What you are asked to do -> Repeat everything in the data exactly except images.

Source data ->
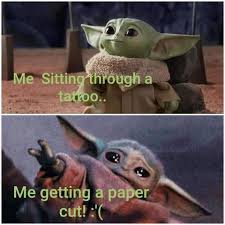 Popsugar has affiliate and advertising partnerships so we get revenue from sharing this content. Owie R Babyyoda Baby Yoda Grogu Yoda Meme Yoda Funny Yoda Images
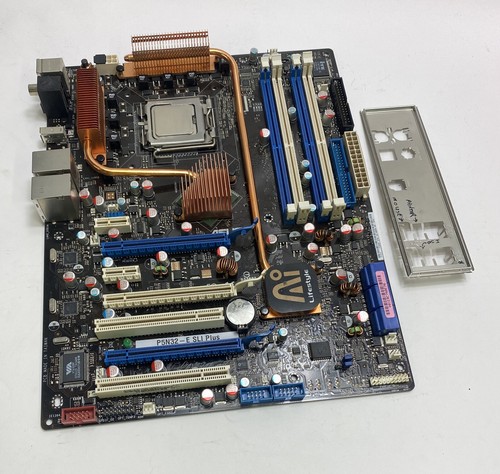 Asus p5n32 sli plus - asus,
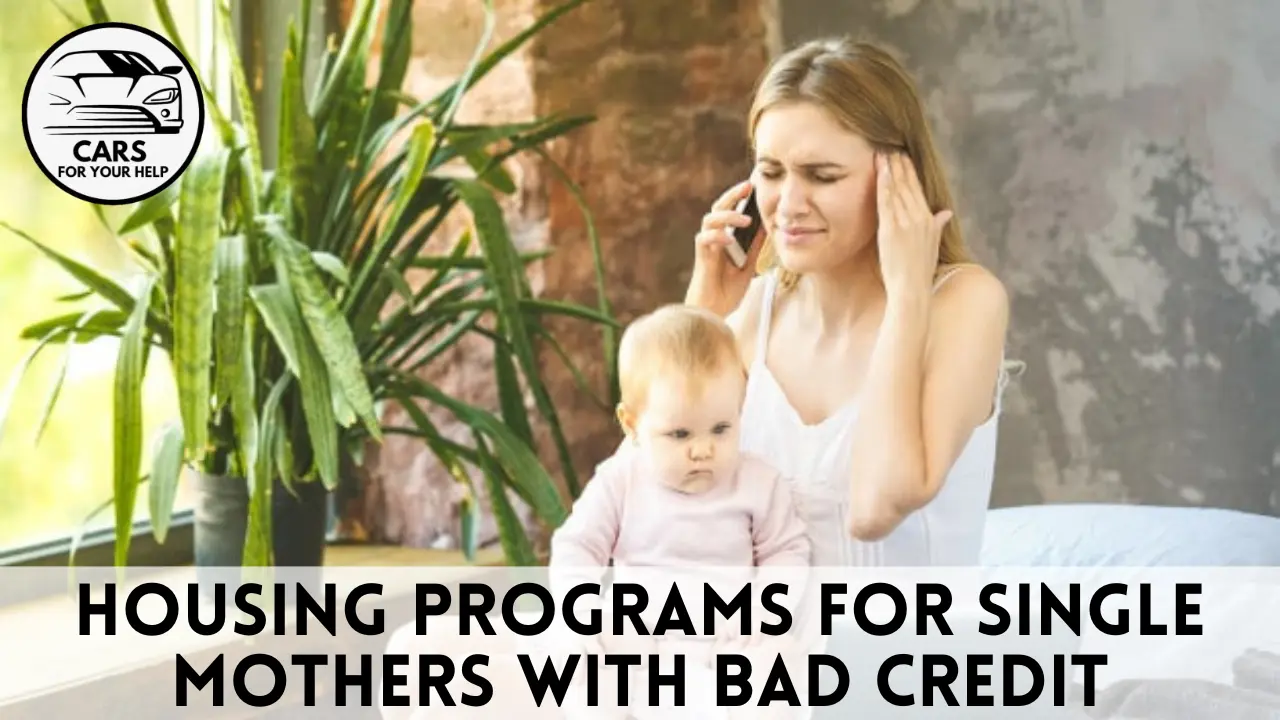 Home loans for single moms with bad credit housing programs for single mothers with bad credit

Task answer ->
 Popsugar has affiliate and advertising partnerships so we get revenue from sharing this content. Owie R Babyyoda Baby Yoda Grogu Yoda Meme Yoda Funny Yoda Images
 Asus p5n32 sli plus - asus,
 Home loans for single moms with bad credit housing programs for single mothers with bad credit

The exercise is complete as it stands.